Which, I don't really care about when I'm listening to the music, but when it comes to the historical record, I think she'll primarily remembered just by her fans, not the general and broader culture.
by Anonymous | reply 86 | December 1, 2018 6:47 PM |
Great points, r85 & r86.
by Anonymous | reply 87 | December 2, 2018 10:10 AM |
Fuck.... you’re back again? I can’t wait until you die so I don’t have to read you’re shitty 90’s shit singer threads. Tori sucks too.
by Anonymous | reply 89 | December 4, 2018 10:22 PM |
Bugger off, r89
by Anonymous | reply 90 | December 5, 2018 10:38 AM |
We've all said our piece, you don't have to keep bumping your own thread....
by Anonymous | reply 92 | December 7, 2018 2:35 PM |
Thank you, r92.
by Anonymous | reply 93 | December 7, 2018 11:25 PM |
This is a review of SFTC SFTS from Rolling Stone magazine in 2000.
by Anonymous | reply 94 | December 8, 2018 6:32 PM |
I do hope PJ Harvey makes another rock record before she retires from the industry.
by Anonymous | reply 95 | December 19, 2018 11:22 AM |
Sadly I think it'll be a long time before she even makes another record. 5/6 year gaps seem to be the norm, maybe the duration between albums will become longer as she gets older.

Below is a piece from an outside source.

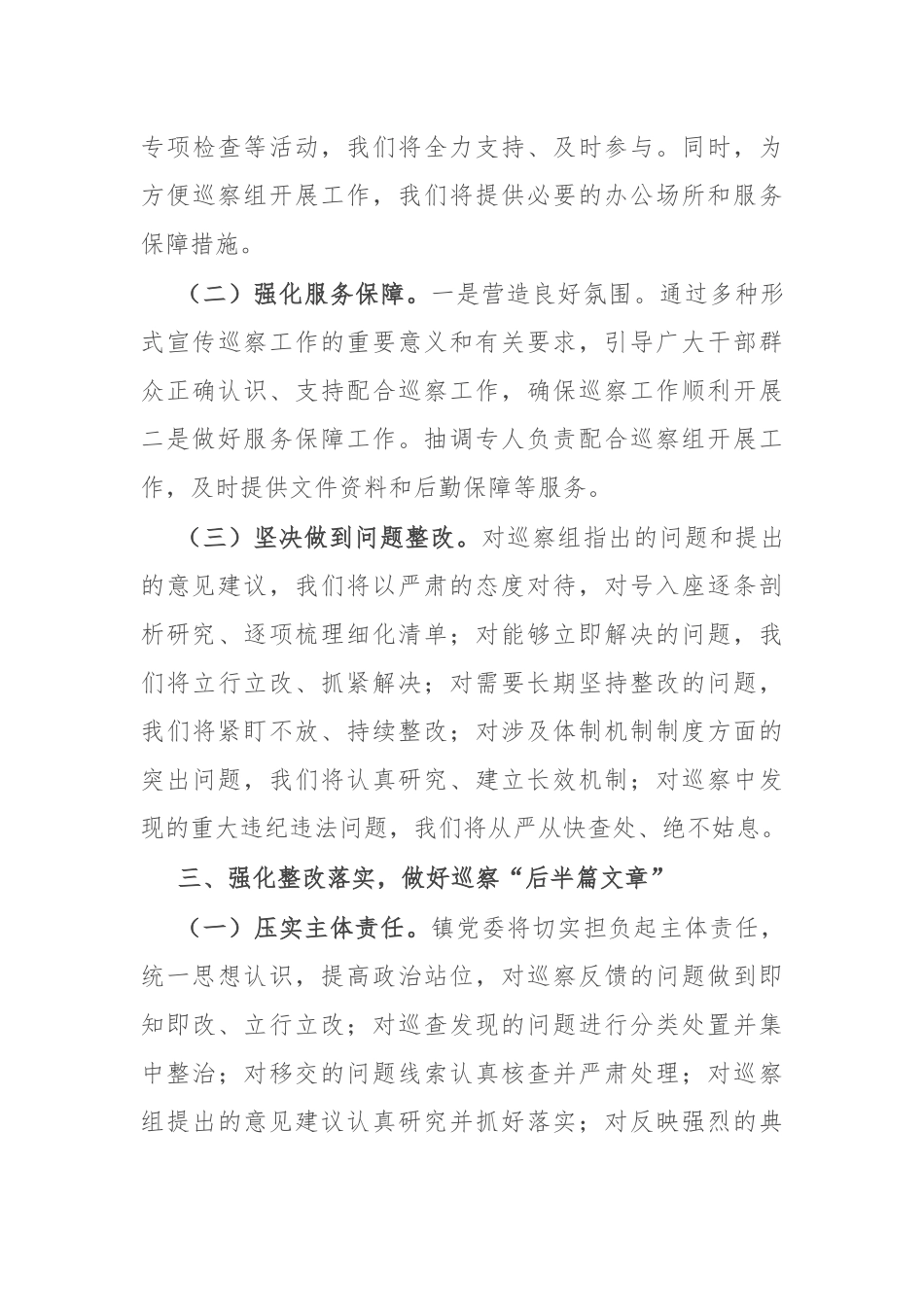 镇党委书记在2024年巡察工作反馈会上的发言.docx_第3页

by Anonymous | reply 96 | December 19, 2018 12:22 PM |
I agree with you, r96.
by Anonymous | reply 97 | December 19, 2018 1:19 PM |
PJ Harvey - This Mess We're In (Solo Vocals Version) This is the version of 'This Mess We're In' that Harvey had created before the addition of Thom Yorke's lead vocals. A fan of his voice, she wrote this song with the Radiohead frontman in mind, feeling very strongly that it "had to be sung by a man". *Yorke also contributed backing vocals and keyboards to two other tracks from the album.

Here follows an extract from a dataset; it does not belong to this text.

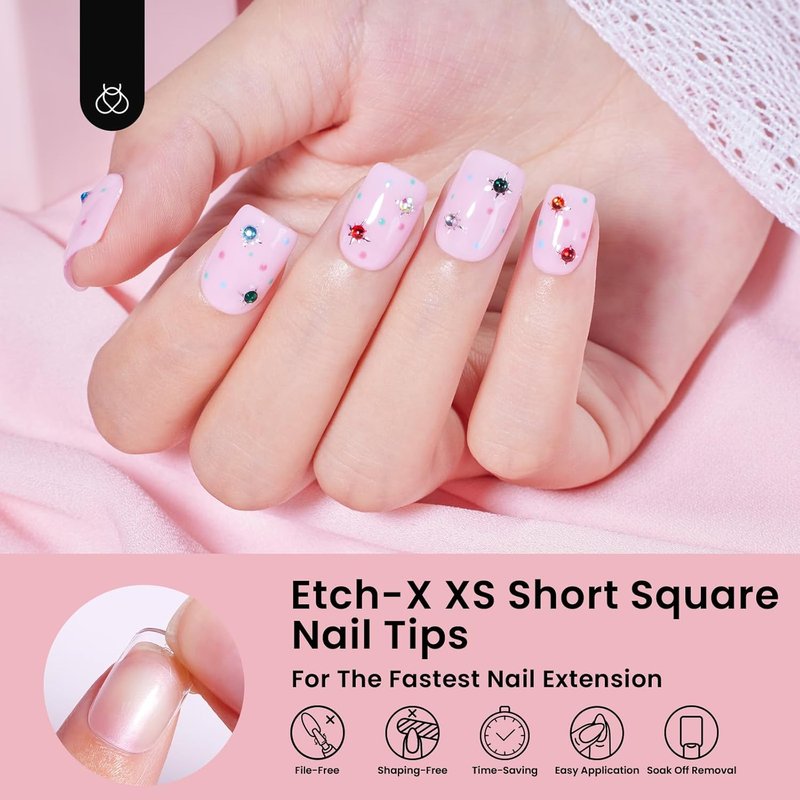 Short Square Nail Tips - 576PCS Half Matte Clear Acrylic Press-On Nails | 12 Sizes for DIY Nail Extensions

by Anonymous | reply 98 | January 1, 2019 8:59 PM |
Bump.
by Anonymous | reply 100 | January 5, 2019 8:44 PM |
Review: PJ Harvey, Stories from the City, Stories from the Sea
by Anonymous | reply 105 | June 2, 2019 11:23 PM |
OP, have you even listened to the album? It's her first and perhaps ONLY cd that is HAPPY. I think this album and Rid of Me are (ironically) her two best albums. The others are good or very good.
by Anonymous | reply 106 | June 2, 2019 11:35 PM |
Yes, r106.
Just to let you know. It still holds up. Next?